WHAT TO DO
Copy all the lines of the listing below exactly. Skip the images.

PROVIDED MATERIAL
··········
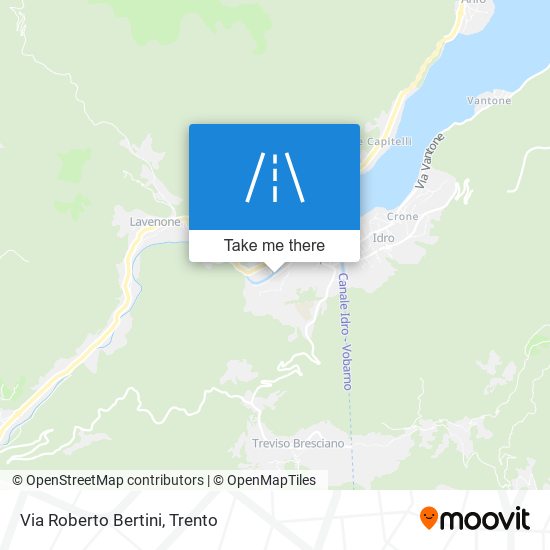 Via Roberto Bertini map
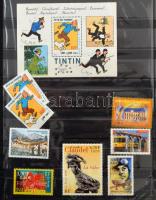 Franciaország forgalmi rendező az elején klasszikusokkal több/ sok példányban, több ezer bélyeg, hoz...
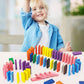 Colorful Wooden Building Blocks Set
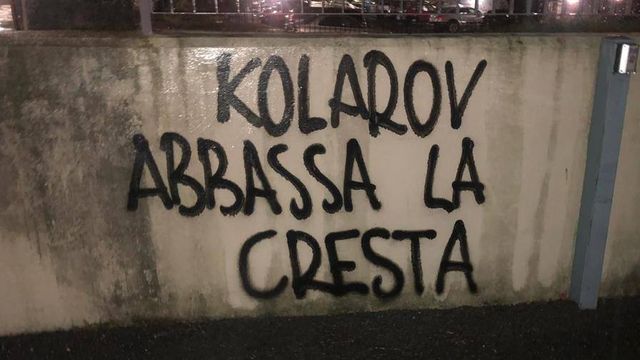 Roma, ultrà contro Kolarov "Abbassa la cresta croato"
··········
TASK OUTPUT
 Via Roberto Bertini map
 Franciaország forgalmi rendező az elején klasszikusokkal több/ sok példányban, több ezer bélyeg, hoz...
 Colorful Wooden Building Blocks Set
 Roma, ultrà contro Kolarov "Abbassa la cresta croato"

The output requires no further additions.